YOUR TASK: Could you repeat the entries below exactly, but only from the line with "Photograph by Nobu-Oh" through the line with "Le Colibri Et", and without any picture?

GIVEN DATA:

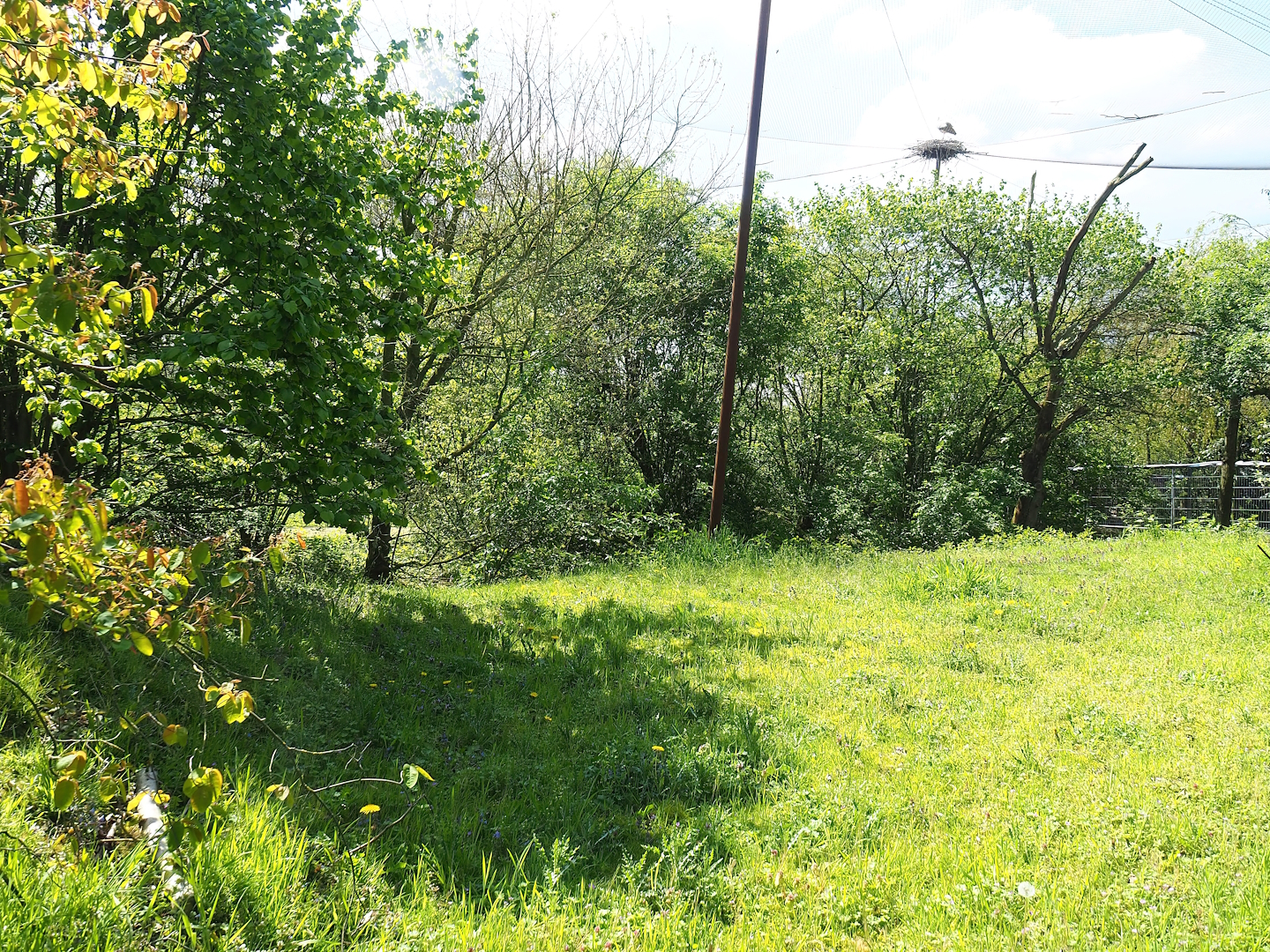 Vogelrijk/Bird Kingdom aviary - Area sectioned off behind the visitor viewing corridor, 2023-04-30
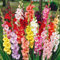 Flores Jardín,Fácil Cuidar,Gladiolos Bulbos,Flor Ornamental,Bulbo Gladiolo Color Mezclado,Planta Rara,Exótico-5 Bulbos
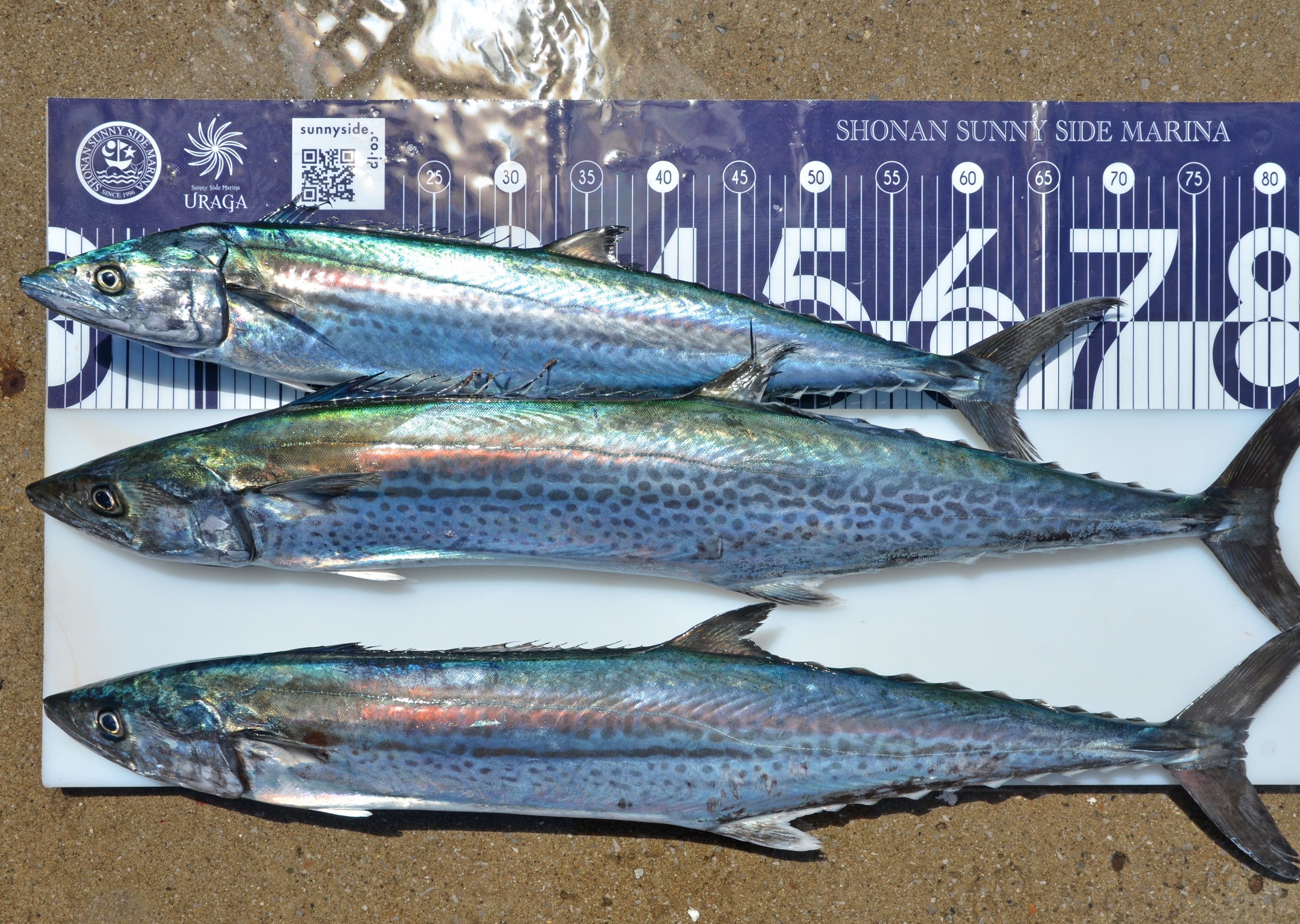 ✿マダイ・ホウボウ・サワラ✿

--

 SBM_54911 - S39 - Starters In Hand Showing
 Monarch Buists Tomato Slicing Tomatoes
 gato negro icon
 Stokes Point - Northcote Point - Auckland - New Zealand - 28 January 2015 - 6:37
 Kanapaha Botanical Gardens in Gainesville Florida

==

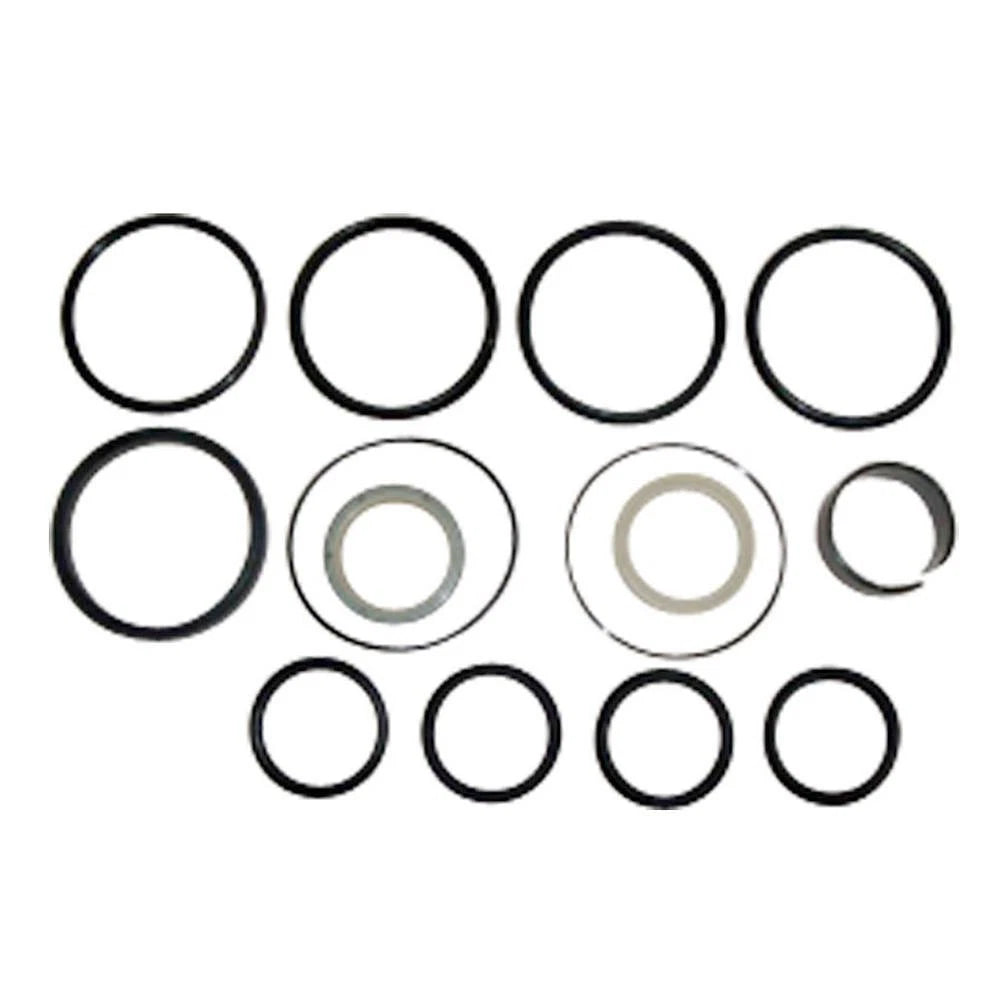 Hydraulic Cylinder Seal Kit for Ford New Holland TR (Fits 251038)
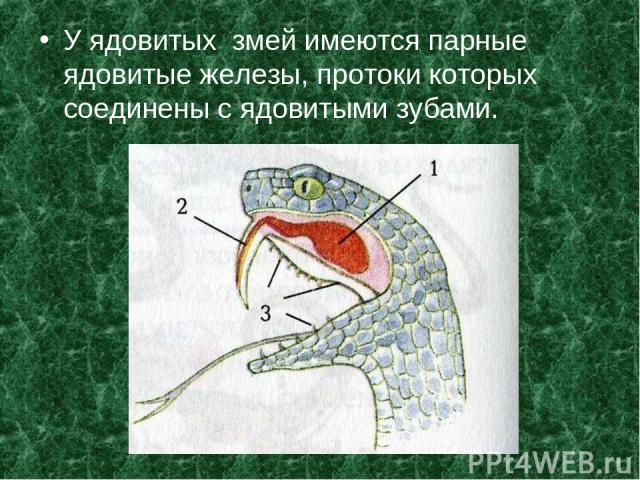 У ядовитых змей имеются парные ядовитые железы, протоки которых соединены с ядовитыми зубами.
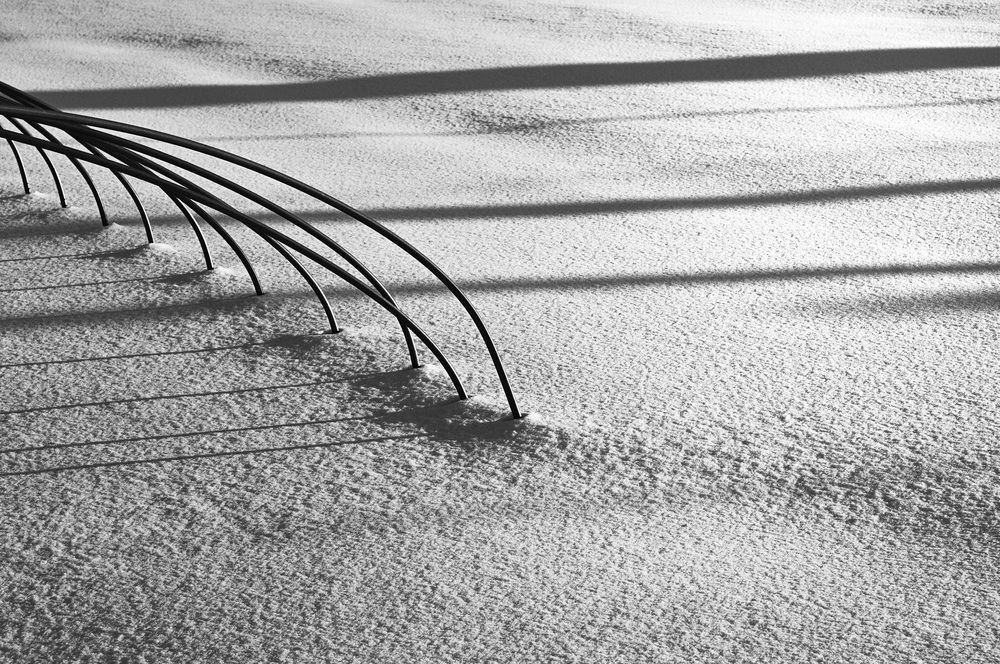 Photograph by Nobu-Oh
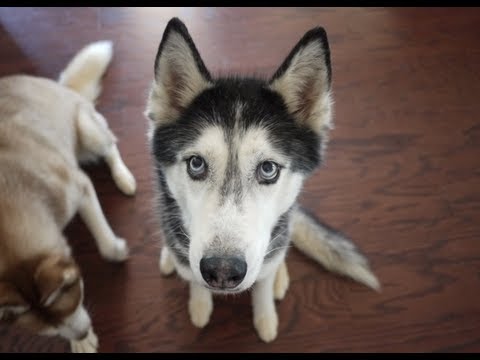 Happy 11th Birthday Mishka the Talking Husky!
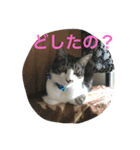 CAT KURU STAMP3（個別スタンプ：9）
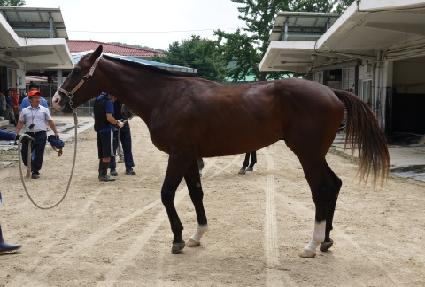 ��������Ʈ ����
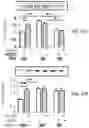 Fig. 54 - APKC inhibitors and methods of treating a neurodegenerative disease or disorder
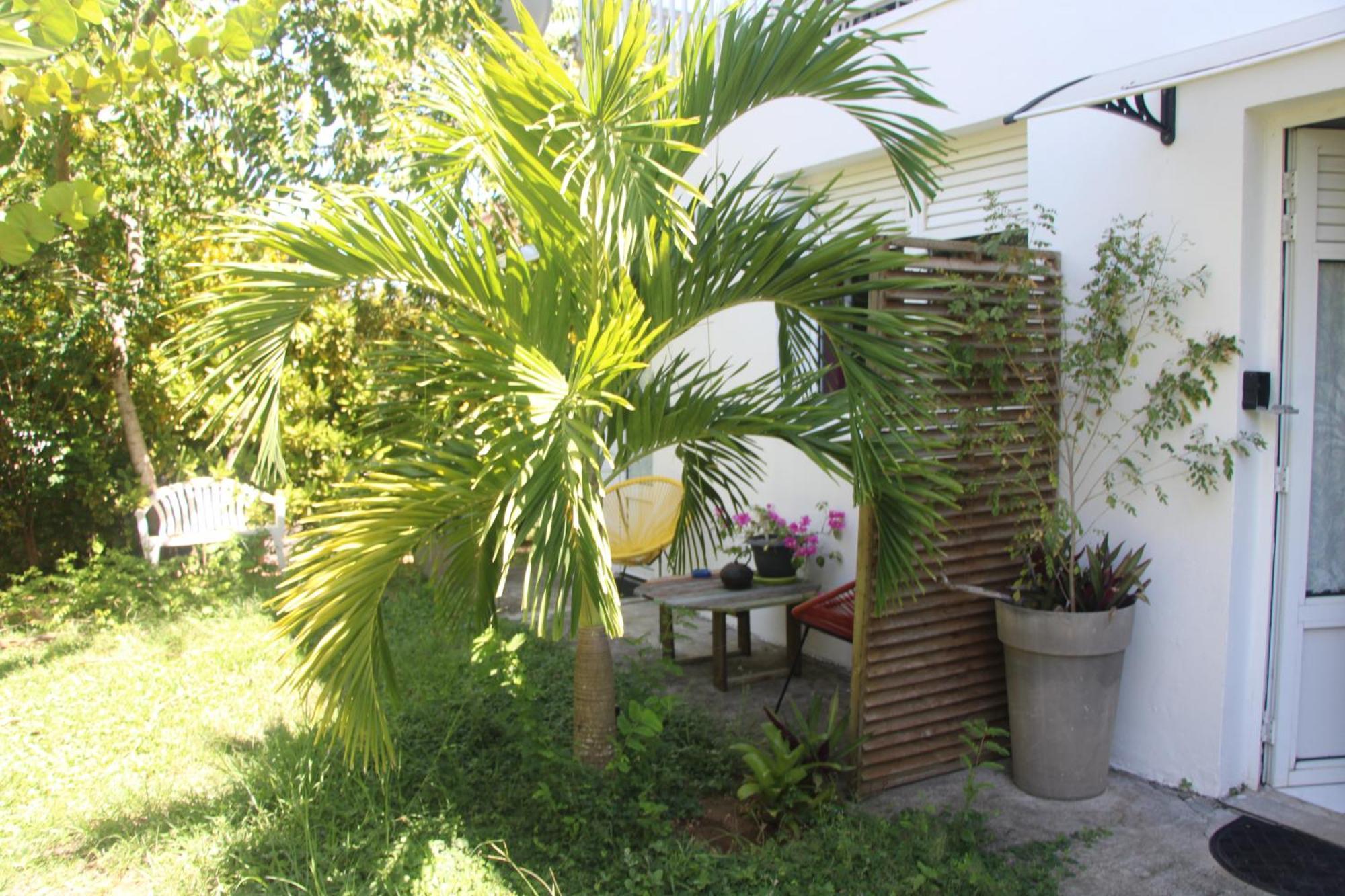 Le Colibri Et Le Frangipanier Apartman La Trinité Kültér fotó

FINAL ANSWER:
 Photograph by Nobu-Oh
 Happy 11th Birthday Mishka the Talking Husky!
 CAT KURU STAMP3（個別スタンプ：9）
 ��������Ʈ ����
 Fig. 54 - APKC inhibitors and methods of treating a neurodegenerative disease or disorder
 Le Colibri Et Le Frangipanier Apartman La Trinité Kültér fotó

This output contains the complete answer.